REQUIREMENT
Give back, word for word, the line that contains "Opinel - Etui Simple Sheath" and every line that follows it in the data below.

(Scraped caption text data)
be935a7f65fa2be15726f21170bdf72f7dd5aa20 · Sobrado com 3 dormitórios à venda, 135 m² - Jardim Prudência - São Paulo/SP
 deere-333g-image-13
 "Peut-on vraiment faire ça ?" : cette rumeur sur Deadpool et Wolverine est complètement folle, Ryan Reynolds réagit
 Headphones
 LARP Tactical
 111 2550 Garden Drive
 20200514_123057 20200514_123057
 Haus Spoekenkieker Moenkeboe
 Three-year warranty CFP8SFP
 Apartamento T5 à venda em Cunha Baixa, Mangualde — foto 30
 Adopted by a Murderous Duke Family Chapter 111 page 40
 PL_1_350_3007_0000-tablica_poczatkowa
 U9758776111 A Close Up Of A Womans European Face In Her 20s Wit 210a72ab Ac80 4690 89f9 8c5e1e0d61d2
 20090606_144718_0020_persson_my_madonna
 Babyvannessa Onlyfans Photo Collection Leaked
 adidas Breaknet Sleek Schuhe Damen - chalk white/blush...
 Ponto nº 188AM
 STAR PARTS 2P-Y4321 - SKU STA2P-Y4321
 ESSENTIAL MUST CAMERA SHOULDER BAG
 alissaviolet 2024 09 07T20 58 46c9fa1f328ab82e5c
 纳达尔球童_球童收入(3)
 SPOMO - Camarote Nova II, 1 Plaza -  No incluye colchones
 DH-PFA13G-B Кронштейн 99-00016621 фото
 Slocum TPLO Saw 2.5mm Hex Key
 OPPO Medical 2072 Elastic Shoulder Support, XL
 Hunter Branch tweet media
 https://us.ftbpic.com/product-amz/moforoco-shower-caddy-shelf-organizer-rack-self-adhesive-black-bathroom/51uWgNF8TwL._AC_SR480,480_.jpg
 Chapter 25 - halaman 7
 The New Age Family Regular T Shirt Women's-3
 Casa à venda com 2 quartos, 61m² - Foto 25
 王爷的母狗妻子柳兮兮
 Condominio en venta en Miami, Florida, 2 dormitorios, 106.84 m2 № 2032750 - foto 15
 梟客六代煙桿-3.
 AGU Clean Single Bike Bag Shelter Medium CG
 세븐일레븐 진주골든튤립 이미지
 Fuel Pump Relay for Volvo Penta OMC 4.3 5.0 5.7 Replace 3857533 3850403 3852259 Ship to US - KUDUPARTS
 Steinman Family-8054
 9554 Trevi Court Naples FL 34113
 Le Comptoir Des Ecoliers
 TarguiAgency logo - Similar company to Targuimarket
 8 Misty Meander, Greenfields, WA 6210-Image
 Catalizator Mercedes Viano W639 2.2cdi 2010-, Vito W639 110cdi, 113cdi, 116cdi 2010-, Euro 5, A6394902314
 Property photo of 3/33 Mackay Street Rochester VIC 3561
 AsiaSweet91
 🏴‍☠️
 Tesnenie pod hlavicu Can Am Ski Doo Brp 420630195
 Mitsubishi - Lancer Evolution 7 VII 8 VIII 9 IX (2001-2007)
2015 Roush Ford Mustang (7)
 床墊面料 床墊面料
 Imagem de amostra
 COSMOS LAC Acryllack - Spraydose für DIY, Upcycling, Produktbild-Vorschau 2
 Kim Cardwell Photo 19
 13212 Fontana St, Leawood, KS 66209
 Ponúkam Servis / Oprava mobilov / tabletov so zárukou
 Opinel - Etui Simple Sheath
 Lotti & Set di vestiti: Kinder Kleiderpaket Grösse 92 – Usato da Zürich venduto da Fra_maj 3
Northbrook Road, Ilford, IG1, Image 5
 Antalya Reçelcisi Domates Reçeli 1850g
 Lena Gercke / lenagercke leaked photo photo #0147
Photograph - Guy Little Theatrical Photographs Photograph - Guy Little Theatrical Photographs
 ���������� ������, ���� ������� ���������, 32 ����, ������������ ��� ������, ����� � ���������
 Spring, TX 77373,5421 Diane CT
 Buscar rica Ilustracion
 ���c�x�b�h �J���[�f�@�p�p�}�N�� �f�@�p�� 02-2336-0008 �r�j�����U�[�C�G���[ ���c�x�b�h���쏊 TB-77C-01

THE ANSWER
 Opinel - Etui Simple Sheath
 Lotti & Set di vestiti: Kinder Kleiderpaket Grösse 92 – Usato da Zürich venduto da Fra_maj 3
Northbrook Road, Ilford, IG1, Image 5
 Antalya Reçelcisi Domates Reçeli 1850g
 Lena Gercke / lenagercke leaked photo photo #0147
Photograph - Guy Little Theatrical Photographs Photograph - Guy Little Theatrical Photographs
 ���������� ������, ���� ������� ���������, 32 ����, ������������ ��� ������, ����� � ���������
 Spring, TX 77373,5421 Diane CT
 Buscar rica Ilustracion
 ���c�x�b�h �J���[�f�@�p�p�}�N�� �f�@�p�� 02-2336-0008 �r�j�����U�[�C�G���[ ���c�x�b�h���쏊 TB-77C-01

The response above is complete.